§ Goal of the exercise: Output only the lines below from the one holding "Maison Jansen Maison" down to the one holding "Candelabras 5 Candle with Crystal Hanging", both end lines included and every picture dropped.

▼

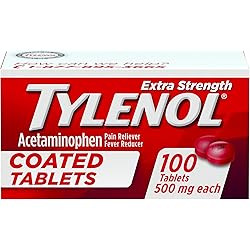 Tylenol Extra Strength Coated Tablets, Acetaminophen Adult Pain Relief & Fever Reducer, 100 ct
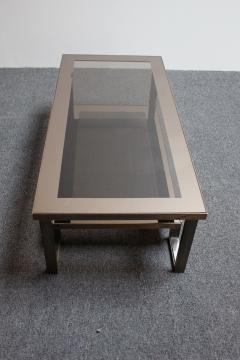 Maison Jansen Maison Jansen Bronze and Smoked Mirror Glass Two Tier Coffee Table - 2985767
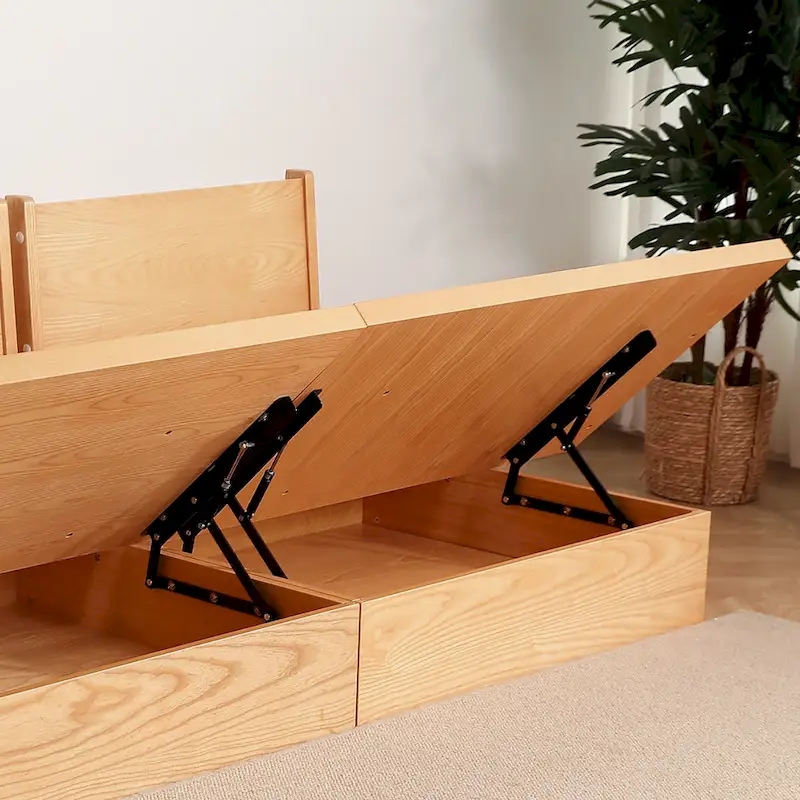 JASIWAY Cotton Line Beige Sofa With Wood Frame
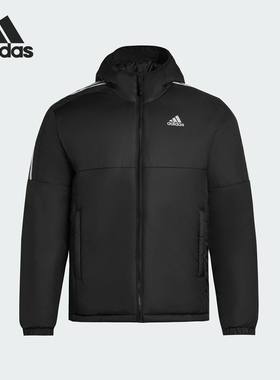 Adidas/阿迪达斯正品Essentials男士连帽日常户外棉服KF6755
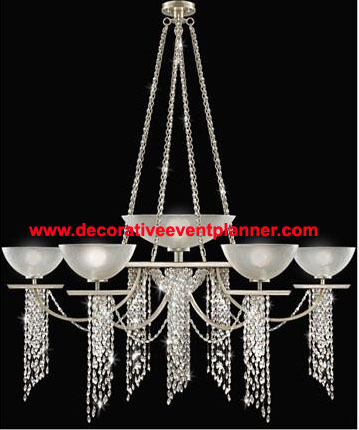Candelabras 5 Candle with Crystal Hanging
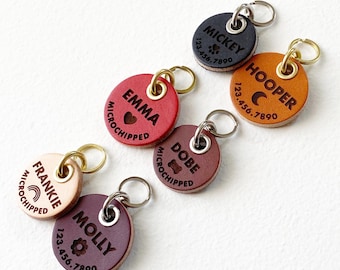 Custom Engraved Dog or Cat ID Tag for Collar, Medium or Large Personalized Pet Collar Tag, New Puppy Owner Identification Accessory Gift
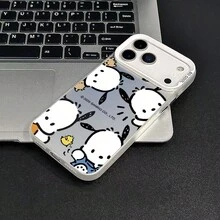 Sanrio Pompompurin Cartoon Cute Allover Print Shockproof Phone Case Suitable For IPhone 17, 17 Pro Max, 17 Air, 15, 16 Plus, 15 Pro, 16 Pro Max, 14 Plus, 14 Pro, 13 Pro Max, 12 PM, 11 Pro - White - View 2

▲

§ Written answer:
 Maison Jansen Maison Jansen Bronze and Smoked Mirror Glass Two Tier Coffee Table - 2985767
 JASIWAY Cotton Line Beige Sofa With Wood Frame
 Adidas/阿迪达斯正品Essentials男士连帽日常户外棉服KF6755
Candelabras 5 Candle with Crystal Hanging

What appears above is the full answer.